Jake smirked, self-satisfied.

“Or she might be Chinese,” he said, “you know, because of the word for ‘sun' being the same as the word for ‘day' in Chinese. Did you know that?”

“You're a rare one,” his mother said with a laugh, and ruffled Jake's hair. “But she's not Chinese.”

“Don't,” Jake said, pushing her hand away and smoothing down his hair again. He didn't like having tossed hair.

His mother stood up from her desk in her red silk kimono and stretched her arms over her head. The baby cried.

“Drat,” said his mother—not “brat” as Jake, for one wonderful, awful moment, had thought—and scratched her head. She yawned, catlike, and drifted out of the room in the direction of the cries.

CHAPTER

15

Jake found himself walking past number ten, Mount Gregor Park, so often over the next few days that he had to admit it wasn't just by chance. For a start, it was a cul-de-sac, which meant it wasn't on the way to anywhere. Something was drawing him. Stella never appeared, though, so if he was going to talk to her—and it seemed to him, when he thought it over, that he must want to talk to her—he was going to have to ring the doorbell.
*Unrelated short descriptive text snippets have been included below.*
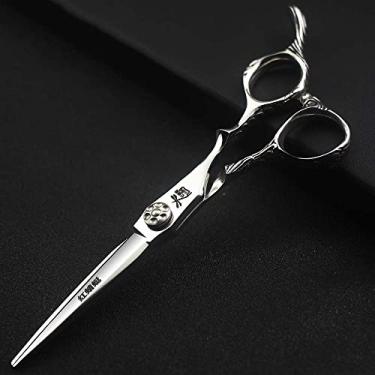Imagem de Tesoura de barbeiro especial importada do japão 6 polegadas 440c aço inoxidável tesoura de cabeleireiro profissional estilista de cabelo ferramenta de corte de franja（Tesoura de corte）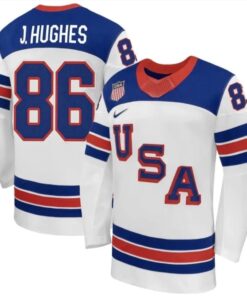Jack Hughes Jersey Team USA Winter Olympics 2026 Hockey Premium STITCHED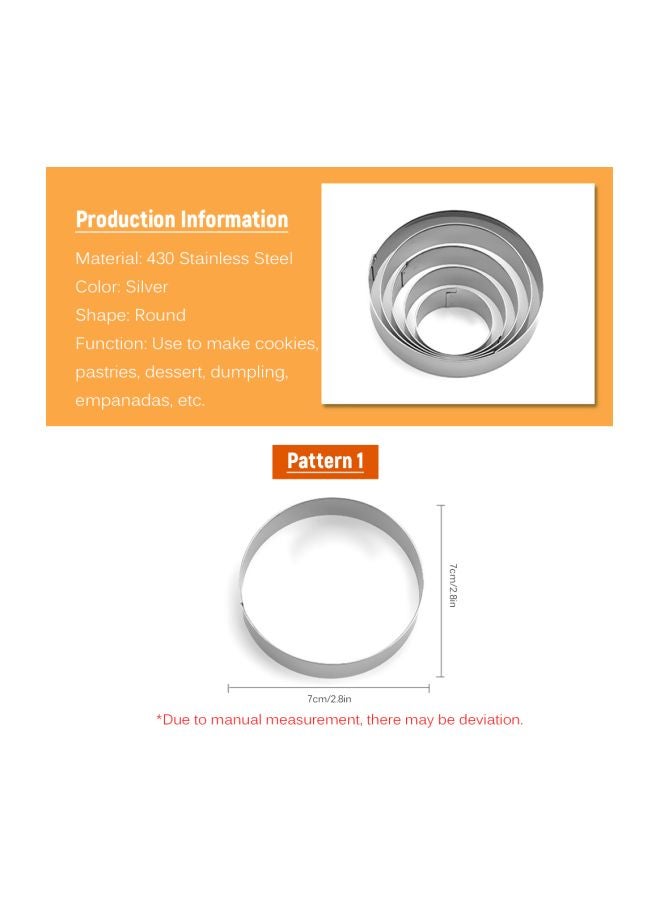 طقم قطاعات كوكيز من السيليكون مكونة من 16 قطعة فضي - Image 5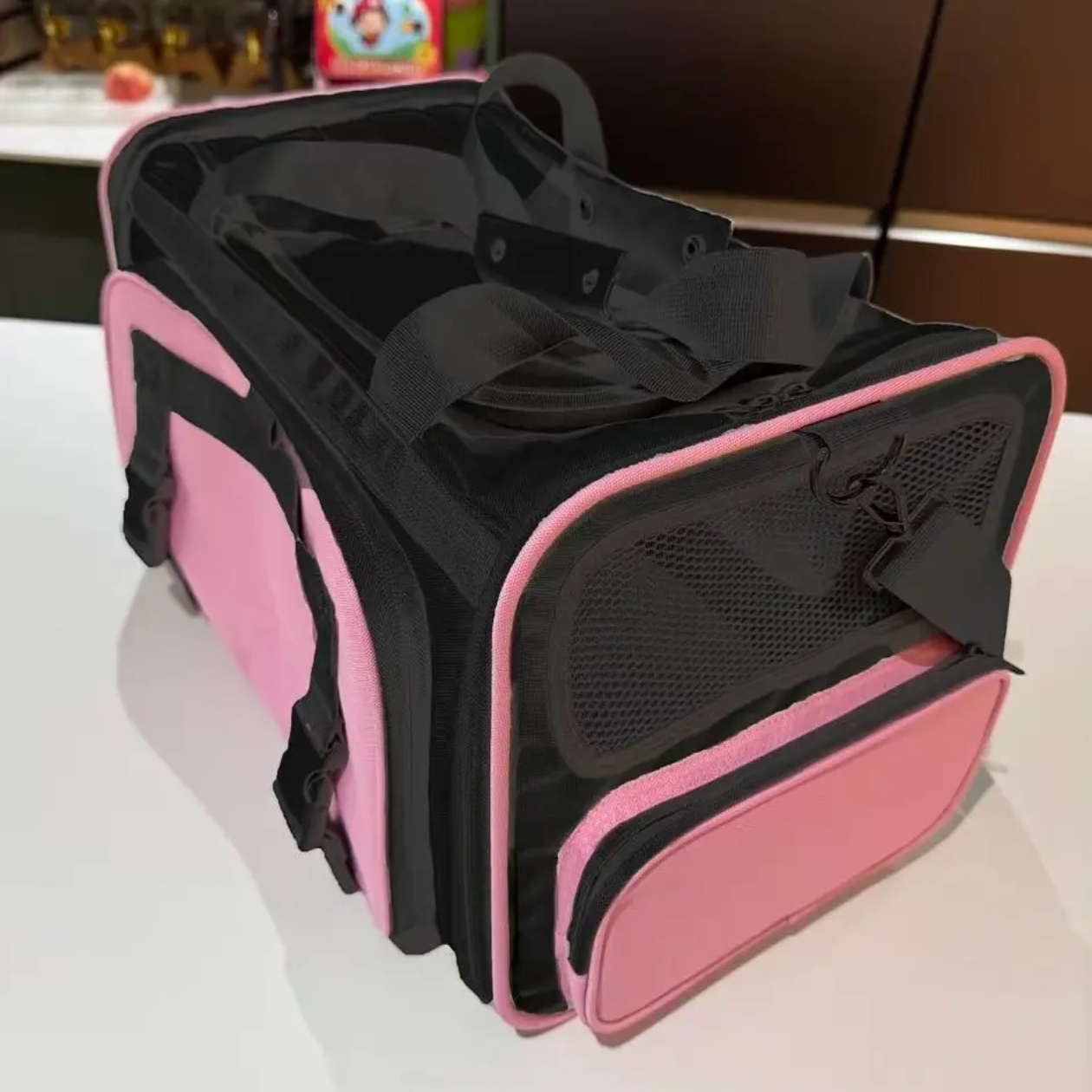 粉墨定制猫包联名猫咪外出舒适大容量背带小型犬可用【顾ta猫包】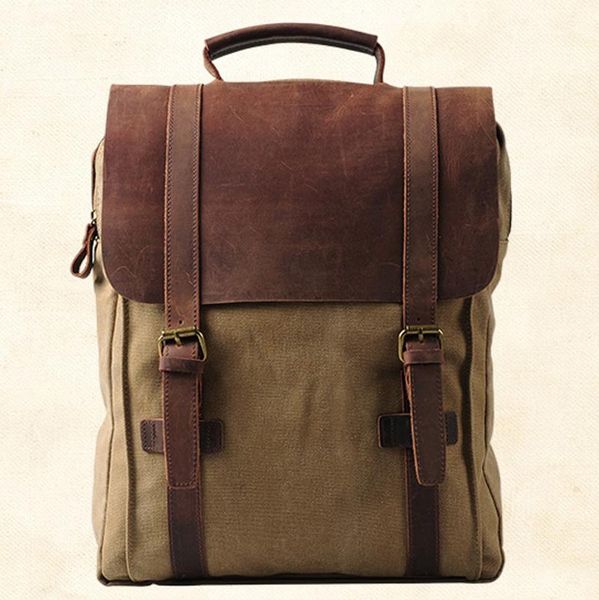 backpack 2021 fashion canvas leather men military school rucksack male knapsack women mochila
backpack 2021 fashion canvas leather men military school rucksack male knapsack women mochila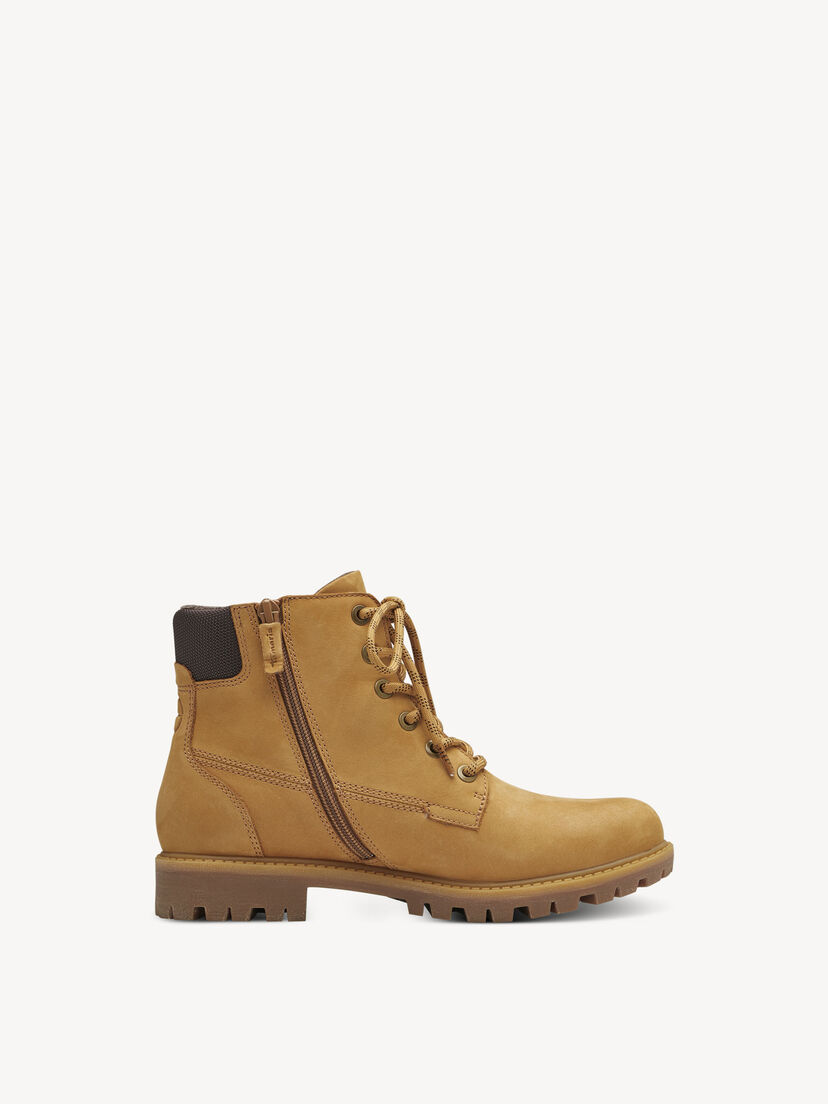 Leren Enkellaarsje - geel, CORN, hi-res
He stood on the pavement and thought about ringing the doorbell, and what would happen when he did, and who might answer.

In the end, he decided he would just give it a go. But it didn't work. At least, he couldn't hear it, though maybe it rang somewhere deep in the house. Anyway, no one came, so he picked up the snarling lion's head knocker and let it fall heavily against the door.

Almost immediately Stella was there, framed in the doorway.

“Oh, it's you,” she said, neither surprised nor displeased, it seemed, to see him. “Come in.”

Jake had been rehearsing things to say, such as, “Would you like to come and play football in the park?” or “I was just passing and I thought…” But he didn't say any of the lame things he'd been practicing. He didn't need to. It was as if she'd been expecting him. Anyway, she didn't seem to wonder why he had knocked.

She was right about the house being bigger than it looked. Much bigger. It went on and on, room opening out of room, till you got to the kitchen at the very back, off which was a room called the back kitchen, where they kept Wellingtons and garden implements and a vegetable rack full of onions with long browny-green leafy bits, like leeks, and a sack half full of potatoes, and a basket for the dog. They didn't have a dog, just a dog basket. Nobody explained why. Maybe one of the younger ones slept in it, Jake thought, and giggled quietly at his own hilarity.